- [INPUT DATA]
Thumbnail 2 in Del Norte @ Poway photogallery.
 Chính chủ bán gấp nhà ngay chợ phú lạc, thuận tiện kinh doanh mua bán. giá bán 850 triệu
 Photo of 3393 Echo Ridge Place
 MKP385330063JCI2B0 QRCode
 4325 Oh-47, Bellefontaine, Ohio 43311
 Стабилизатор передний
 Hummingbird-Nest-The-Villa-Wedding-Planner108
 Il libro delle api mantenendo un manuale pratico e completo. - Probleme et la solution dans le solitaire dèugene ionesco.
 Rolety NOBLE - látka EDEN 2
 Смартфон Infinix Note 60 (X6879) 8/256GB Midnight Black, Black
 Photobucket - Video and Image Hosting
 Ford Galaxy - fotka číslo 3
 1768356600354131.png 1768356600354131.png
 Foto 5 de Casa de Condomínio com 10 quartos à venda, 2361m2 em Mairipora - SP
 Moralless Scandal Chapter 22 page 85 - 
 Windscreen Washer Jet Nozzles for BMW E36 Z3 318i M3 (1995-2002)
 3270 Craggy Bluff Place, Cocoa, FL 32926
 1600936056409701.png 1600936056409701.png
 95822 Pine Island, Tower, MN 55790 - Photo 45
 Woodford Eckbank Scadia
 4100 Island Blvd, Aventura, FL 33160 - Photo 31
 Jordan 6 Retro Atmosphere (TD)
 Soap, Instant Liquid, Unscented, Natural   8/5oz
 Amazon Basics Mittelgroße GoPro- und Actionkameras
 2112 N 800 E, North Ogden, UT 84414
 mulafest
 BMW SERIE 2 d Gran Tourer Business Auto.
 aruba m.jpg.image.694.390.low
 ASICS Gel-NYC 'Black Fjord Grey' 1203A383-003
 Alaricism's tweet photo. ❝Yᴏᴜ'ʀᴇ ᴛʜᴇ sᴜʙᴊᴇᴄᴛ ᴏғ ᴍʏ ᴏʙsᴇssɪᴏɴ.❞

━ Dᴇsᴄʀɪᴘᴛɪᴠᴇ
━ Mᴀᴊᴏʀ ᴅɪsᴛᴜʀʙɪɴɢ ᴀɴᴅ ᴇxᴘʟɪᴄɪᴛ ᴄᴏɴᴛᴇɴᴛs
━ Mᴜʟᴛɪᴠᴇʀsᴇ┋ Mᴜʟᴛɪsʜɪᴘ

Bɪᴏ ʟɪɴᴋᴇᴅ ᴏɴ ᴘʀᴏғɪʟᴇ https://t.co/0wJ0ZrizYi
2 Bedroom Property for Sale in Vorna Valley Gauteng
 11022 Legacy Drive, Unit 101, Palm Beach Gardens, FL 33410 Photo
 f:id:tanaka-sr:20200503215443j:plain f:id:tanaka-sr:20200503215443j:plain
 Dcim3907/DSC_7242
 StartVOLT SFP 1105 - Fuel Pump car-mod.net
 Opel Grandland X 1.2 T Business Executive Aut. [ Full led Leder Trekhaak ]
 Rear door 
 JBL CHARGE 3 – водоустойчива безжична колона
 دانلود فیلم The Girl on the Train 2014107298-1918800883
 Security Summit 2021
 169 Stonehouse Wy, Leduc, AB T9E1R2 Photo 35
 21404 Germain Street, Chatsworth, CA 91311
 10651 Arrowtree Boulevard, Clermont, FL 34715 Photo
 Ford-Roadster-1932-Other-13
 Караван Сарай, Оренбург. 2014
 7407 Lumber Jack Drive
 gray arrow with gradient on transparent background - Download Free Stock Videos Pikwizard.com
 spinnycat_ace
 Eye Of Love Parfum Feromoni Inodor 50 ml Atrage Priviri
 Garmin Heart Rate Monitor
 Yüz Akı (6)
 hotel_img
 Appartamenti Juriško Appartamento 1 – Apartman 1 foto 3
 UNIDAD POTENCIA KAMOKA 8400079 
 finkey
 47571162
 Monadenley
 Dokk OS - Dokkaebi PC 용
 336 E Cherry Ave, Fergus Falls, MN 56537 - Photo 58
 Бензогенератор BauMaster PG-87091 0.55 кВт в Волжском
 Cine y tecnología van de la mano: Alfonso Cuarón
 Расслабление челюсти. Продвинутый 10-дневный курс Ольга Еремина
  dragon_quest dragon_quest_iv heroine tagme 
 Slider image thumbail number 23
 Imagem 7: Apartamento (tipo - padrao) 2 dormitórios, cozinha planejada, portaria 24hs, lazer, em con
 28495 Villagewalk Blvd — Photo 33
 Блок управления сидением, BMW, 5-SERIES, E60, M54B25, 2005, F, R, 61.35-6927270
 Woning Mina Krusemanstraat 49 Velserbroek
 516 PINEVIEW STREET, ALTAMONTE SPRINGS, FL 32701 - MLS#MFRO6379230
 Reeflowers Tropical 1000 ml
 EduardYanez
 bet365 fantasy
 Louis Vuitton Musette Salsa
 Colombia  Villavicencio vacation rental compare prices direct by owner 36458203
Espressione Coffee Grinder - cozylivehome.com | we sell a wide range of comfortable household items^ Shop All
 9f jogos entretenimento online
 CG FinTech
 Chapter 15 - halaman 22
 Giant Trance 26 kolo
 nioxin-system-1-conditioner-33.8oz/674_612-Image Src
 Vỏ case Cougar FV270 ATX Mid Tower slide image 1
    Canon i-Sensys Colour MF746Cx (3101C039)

- [ASSIGNED TASK] Copy every line of the material above in which the string "Drive" can be found.

- [RESPONSE BOX]
 11022 Legacy Drive, Unit 101, Palm Beach Gardens, FL 33410 Photo
 7407 Lumber Jack Drive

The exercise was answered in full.